Problem to solve -
Each line from the one bearing "Toyota Ipsum 2003" through the last line of the entries below should be returned exactly, with pictures left out.

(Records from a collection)
──────────
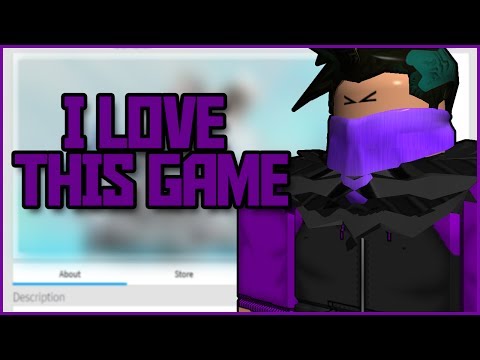 Repeat Elemental Wars Grand Opening Great Tree Arc Roblox - roblox what happen to blox no hero online alpha ibemaine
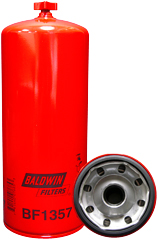 Fuel Baldwin BF1357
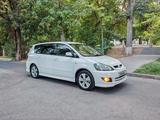 Toyota Ipsum 2003 года за 5 500 000 тг. в Шымкент – фото 5
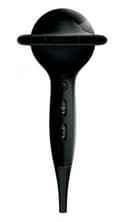 Фен Philips BHD174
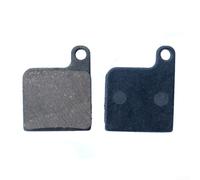 Mountain Bike Replacement Parts Resin Disc Brake For Pads Designed Specifically for the Giant NTH & MPG Series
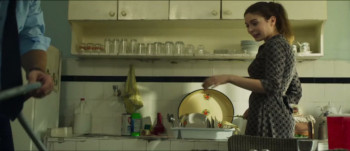 Locman (2018) download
──────────
Response area -
 Toyota Ipsum 2003 года за 5 500 000 тг. в Шымкент – фото 5
 Фен Philips BHD174
 Mountain Bike Replacement Parts Resin Disc Brake For Pads Designed Specifically for the Giant NTH & MPG Series
 Locman (2018) download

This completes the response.